> [Exercise data]
········

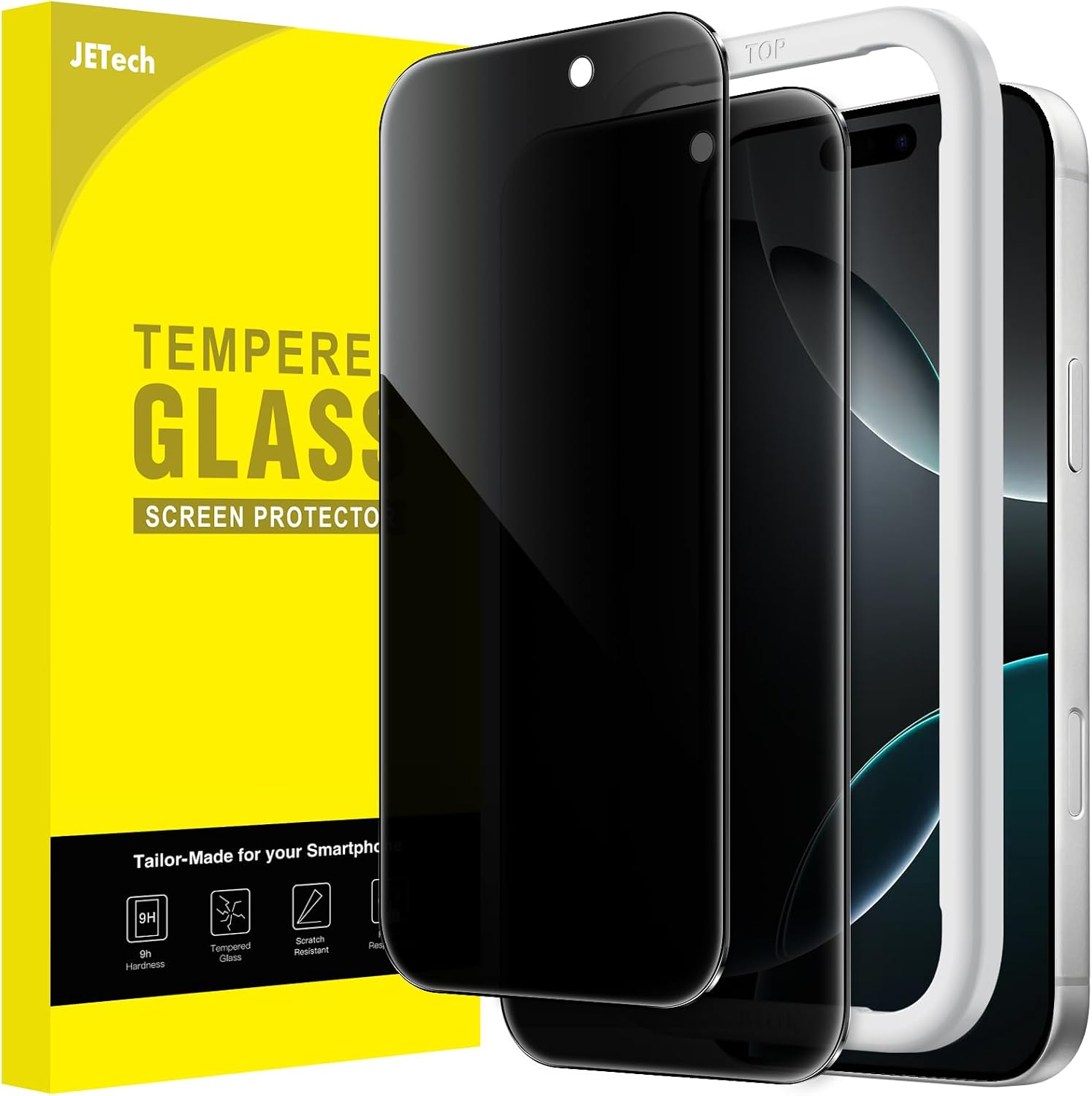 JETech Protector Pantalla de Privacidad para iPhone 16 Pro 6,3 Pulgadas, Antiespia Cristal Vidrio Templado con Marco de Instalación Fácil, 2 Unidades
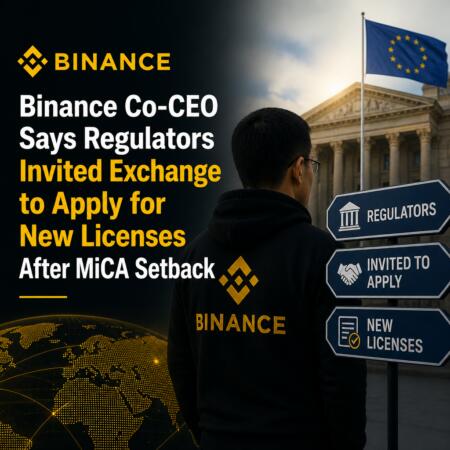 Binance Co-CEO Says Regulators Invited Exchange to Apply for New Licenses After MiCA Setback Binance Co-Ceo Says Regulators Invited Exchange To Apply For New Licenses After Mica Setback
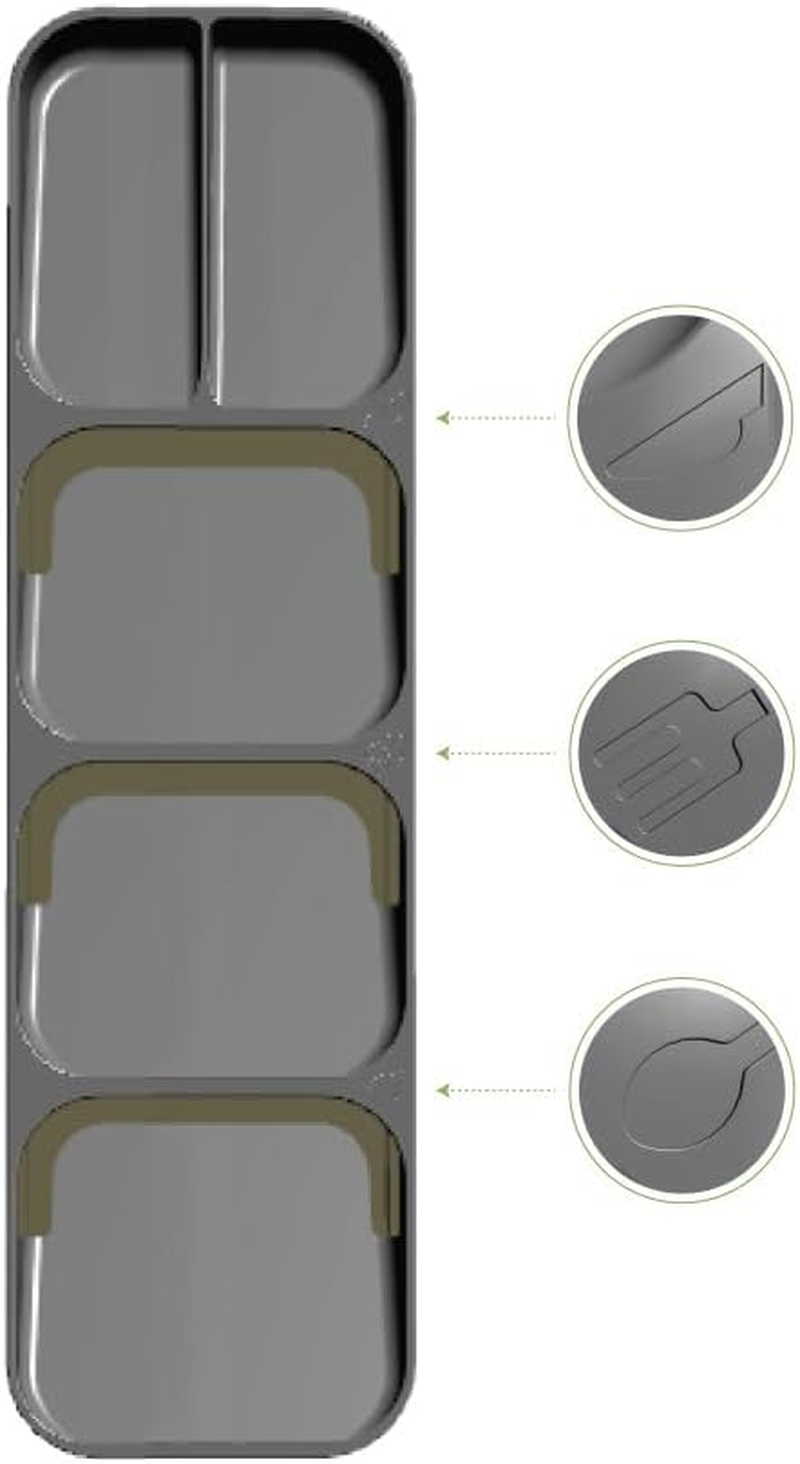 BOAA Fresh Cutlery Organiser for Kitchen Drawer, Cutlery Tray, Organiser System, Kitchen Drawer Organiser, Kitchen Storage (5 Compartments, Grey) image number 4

········

> [What the task requires] Output only the lines running from the top of the data above to the line with "MiCA Setback Binance", inclusive, word for word and without pictures.

> [Worked solution]
 JETech Protector Pantalla de Privacidad para iPhone 16 Pro 6,3 Pulgadas, Antiespia Cristal Vidrio Templado con Marco de Instalación Fácil, 2 Unidades
 Binance Co-CEO Says Regulators Invited Exchange to Apply for New Licenses After MiCA Setback Binance Co-Ceo Says Regulators Invited Exchange To Apply For New Licenses After Mica Setback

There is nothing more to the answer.